The data section start
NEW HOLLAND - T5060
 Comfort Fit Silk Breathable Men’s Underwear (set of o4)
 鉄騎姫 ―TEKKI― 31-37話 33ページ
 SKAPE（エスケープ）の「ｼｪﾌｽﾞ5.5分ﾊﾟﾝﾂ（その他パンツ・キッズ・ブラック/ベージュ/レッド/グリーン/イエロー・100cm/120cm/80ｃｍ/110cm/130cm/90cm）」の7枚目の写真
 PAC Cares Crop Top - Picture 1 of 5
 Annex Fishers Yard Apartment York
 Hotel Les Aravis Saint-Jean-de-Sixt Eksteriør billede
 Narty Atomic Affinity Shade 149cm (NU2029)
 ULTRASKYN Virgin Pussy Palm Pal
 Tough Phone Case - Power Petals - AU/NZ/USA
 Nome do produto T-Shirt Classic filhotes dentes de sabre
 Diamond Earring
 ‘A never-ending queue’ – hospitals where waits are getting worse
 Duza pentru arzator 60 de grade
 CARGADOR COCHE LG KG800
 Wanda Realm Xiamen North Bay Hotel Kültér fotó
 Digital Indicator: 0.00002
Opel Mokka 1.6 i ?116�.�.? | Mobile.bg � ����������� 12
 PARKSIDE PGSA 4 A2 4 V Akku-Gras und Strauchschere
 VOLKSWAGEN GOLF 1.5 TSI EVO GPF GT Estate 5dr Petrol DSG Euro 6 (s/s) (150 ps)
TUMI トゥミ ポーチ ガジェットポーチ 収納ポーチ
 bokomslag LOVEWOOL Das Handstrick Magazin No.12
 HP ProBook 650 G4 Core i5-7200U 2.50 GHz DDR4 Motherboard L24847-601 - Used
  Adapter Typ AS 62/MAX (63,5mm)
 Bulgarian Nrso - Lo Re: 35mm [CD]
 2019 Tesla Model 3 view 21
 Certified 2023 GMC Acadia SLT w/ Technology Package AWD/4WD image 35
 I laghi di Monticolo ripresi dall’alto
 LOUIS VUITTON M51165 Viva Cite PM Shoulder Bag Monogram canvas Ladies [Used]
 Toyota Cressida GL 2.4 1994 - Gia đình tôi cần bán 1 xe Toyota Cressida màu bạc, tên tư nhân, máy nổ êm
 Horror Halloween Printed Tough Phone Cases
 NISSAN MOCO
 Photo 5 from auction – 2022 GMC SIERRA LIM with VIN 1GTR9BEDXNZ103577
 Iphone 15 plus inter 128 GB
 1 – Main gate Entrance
The data section end
Nothing in the records should change when you repeat them all.

NEW HOLLAND - T5060
 Comfort Fit Silk Breathable Men’s Underwear (set of o4)
 鉄騎姫 ―TEKKI― 31-37話 33ページ
 SKAPE（エスケープ）の「ｼｪﾌｽﾞ5.5分ﾊﾟﾝﾂ（その他パンツ・キッズ・ブラック/ベージュ/レッド/グリーン/イエロー・100cm/120cm/80ｃｍ/110cm/130cm/90cm）」の7枚目の写真
 PAC Cares Crop Top - Picture 1 of 5
 Annex Fishers Yard Apartment York
 Hotel Les Aravis Saint-Jean-de-Sixt Eksteriør billede
 Narty Atomic Affinity Shade 149cm (NU2029)
 ULTRASKYN Virgin Pussy Palm Pal
 Tough Phone Case - Power Petals - AU/NZ/USA
 Nome do produto T-Shirt Classic filhotes dentes de sabre
 Diamond Earring
 ‘A never-ending queue’ – hospitals where waits are getting worse
 Duza pentru arzator 60 de grade
 CARGADOR COCHE LG KG800
 Wanda Realm Xiamen North Bay Hotel Kültér fotó
 Digital Indicator: 0.00002
Opel Mokka 1.6 i ?116�.�.? | Mobile.bg � ����������� 12
 PARKSIDE PGSA 4 A2 4 V Akku-Gras und Strauchschere
 VOLKSWAGEN GOLF 1.5 TSI EVO GPF GT Estate 5dr Petrol DSG Euro 6 (s/s) (150 ps)
TUMI トゥミ ポーチ ガジェットポーチ 収納ポーチ
 bokomslag LOVEWOOL Das Handstrick Magazin No.12
 HP ProBook 650 G4 Core i5-7200U 2.50 GHz DDR4 Motherboard L24847-601 - Used
  Adapter Typ AS 62/MAX (63,5mm)
 Bulgarian Nrso - Lo Re: 35mm [CD]
 2019 Tesla Model 3 view 21
 Certified 2023 GMC Acadia SLT w/ Technology Package AWD/4WD image 35
 I laghi di Monticolo ripresi dall’alto
 LOUIS VUITTON M51165 Viva Cite PM Shoulder Bag Monogram canvas Ladies [Used]
 Toyota Cressida GL 2.4 1994 - Gia đình tôi cần bán 1 xe Toyota Cressida màu bạc, tên tư nhân, máy nổ êm
 Horror Halloween Printed Tough Phone Cases
 NISSAN MOCO
 Photo 5 from auction – 2022 GMC SIERRA LIM with VIN 1GTR9BEDXNZ103577
 Iphone 15 plus inter 128 GB
 1 – Main gate Entrance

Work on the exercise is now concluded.